Mountain in Washington (state), United States

Windy Peak is an 8335 ft mountain summit located in Okanogan County in Washington state. It is part of the Okanogan Range which is a sub-range of the North Cascades and Cascade Range. The mountain is situated 5 mi south of the Canada–United States border, on the east side of the Cascade crest, in the Pasayten Wilderness, on land managed by the Okanogan–Wenatchee National Forest. The nearest higher peak is Haystack Mountain, 9.24 mi to the northwest in Canada. Precipitation runoff from Windy Peak drains into tributaries of the Methow River and Similkameen River.

==Climate==

Weather fronts originating in the Pacific Ocean travel northeast toward the Cascade Mountains. As fronts approach the North Cascades, they are forced upward by the peaks (orographic lift), causing them to drop their moisture in the form of rain or snowfall onto the Cascades.
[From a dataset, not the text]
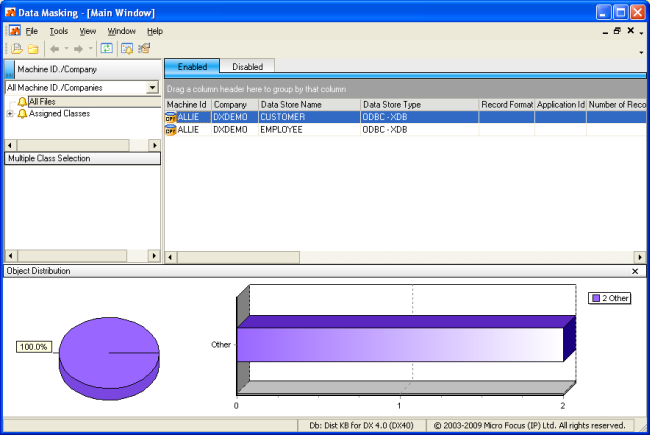 Data Masking Main Window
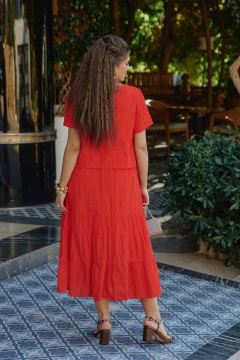 Платье Vittoria Queen 29043 алый - фото 5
As a result, the west side of the North Cascades experiences higher precipitation than the east side, especially during the winter months in the form of snowfall. During winter months, weather is usually cloudy, but due to high pressure systems over the Pacific Ocean that intensify during summer months, there is often little or no cloud cover during the summer.

==Geology==

The North Cascades features some of the most rugged topography in the Cascade Range with craggy peaks, spires, ridges, and deep glacial valleys. Geological events occurring many years ago created the diverse topography and drastic elevation changes over the Cascade Range leading to the various climate differences.
The history of the formation of the Cascade Mountains dates back millions of years ago to the late Eocene Epoch. With the North American Plate overriding the Pacific Plate, episodes of volcanic igneous activity persisted. In addition, small fragments of the oceanic and continental lithosphere called terranes created the North Cascades about 50 million years ago.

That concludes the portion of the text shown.